同書巻末に掲載された「産地別の木地玩具工人と木地玩具一覧表」において、佐藤丑蔵の製作する木地玩具の種類は40を超える。これに代表されるようにこけし作者は玩具や日用雑器と並んでこけしを製作していたが、
“昭和の初めごろになって、セルロイドやブリキ製の大量安価な玩具がどしどし作られるようになると、だんだん売れ行きが悪くなり、同二十四年、五年ごろになると、そのうちの特殊なもの(こけし・えずこ・輪投げなど)は別として、次から次へと姿を消して行った。”

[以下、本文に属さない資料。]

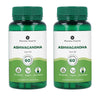 Pack 2x Ashwagandha KSM-66 Planeta Huerto 60 cápsulas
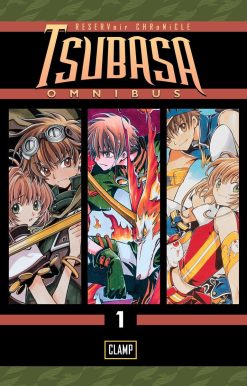 Tsubasa Omnibus 1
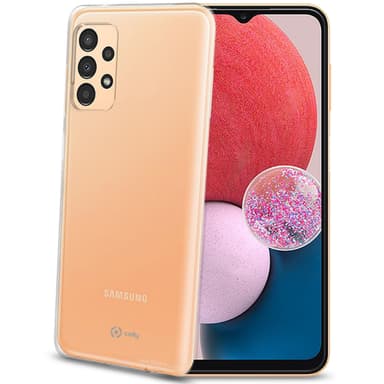 Celly Gelskin TPU Cover Galaxy A13 4G SM-A135F Trans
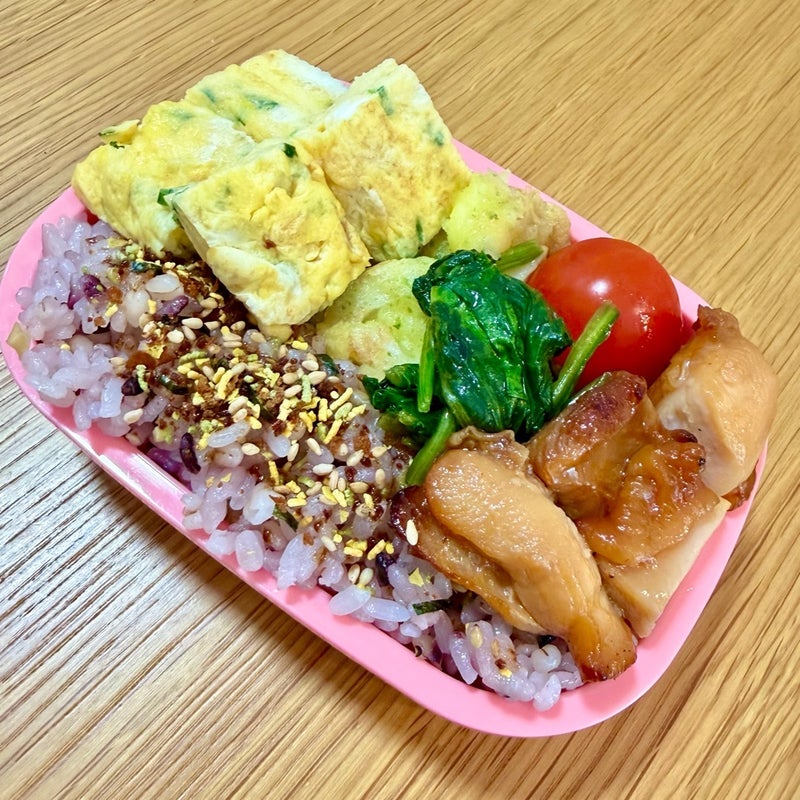 お弁当を忘れて幼稚園へ3往復の画像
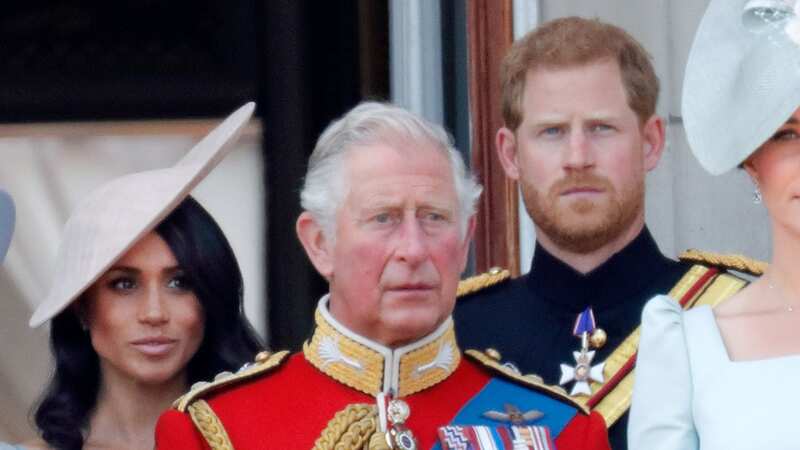 Only working royals will be on the balcony for the flypast during the coronation (Image: Getty Images)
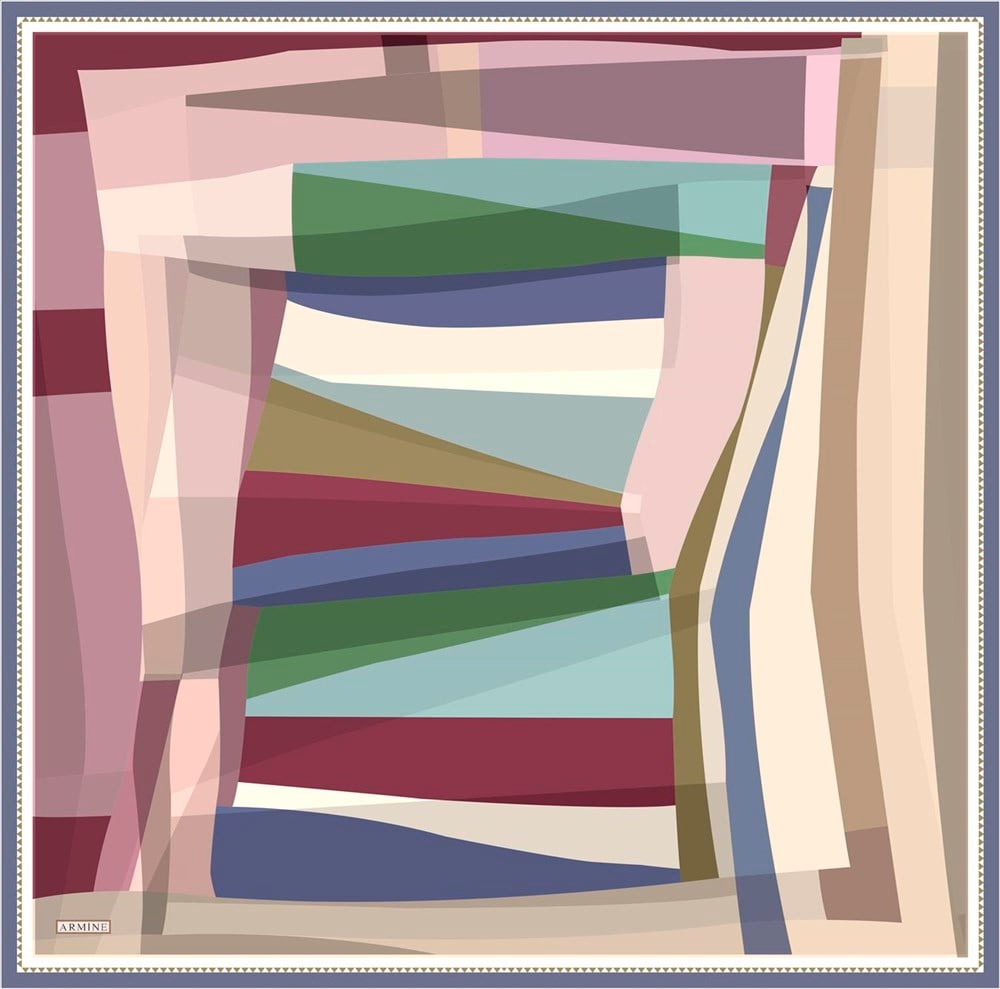 Armine İpek Eşarp 2022 İlkbahar-Yaz - 8730D-04 - Sura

大人の蒐集家相手に生きながらえたこけしと違い、同じ作者が製作する木地製品でありながら、かつて先進であった多くの木地玩具は時代の移り変わりとともにその需要を失ってしまったのである。第2次こけしブーム以降はこけし専業の作者が増え、現在ではほとんど見ることのできない玩具もあることから、この頒布は木地屋の仕事の記録としても習俗の記録としても貴重なものだったと言える。こけしの製作に関連しているためと考えられるが、これら戦後に製作された木地玩具も彩色には基本的に、こけし同様に染料を用いている。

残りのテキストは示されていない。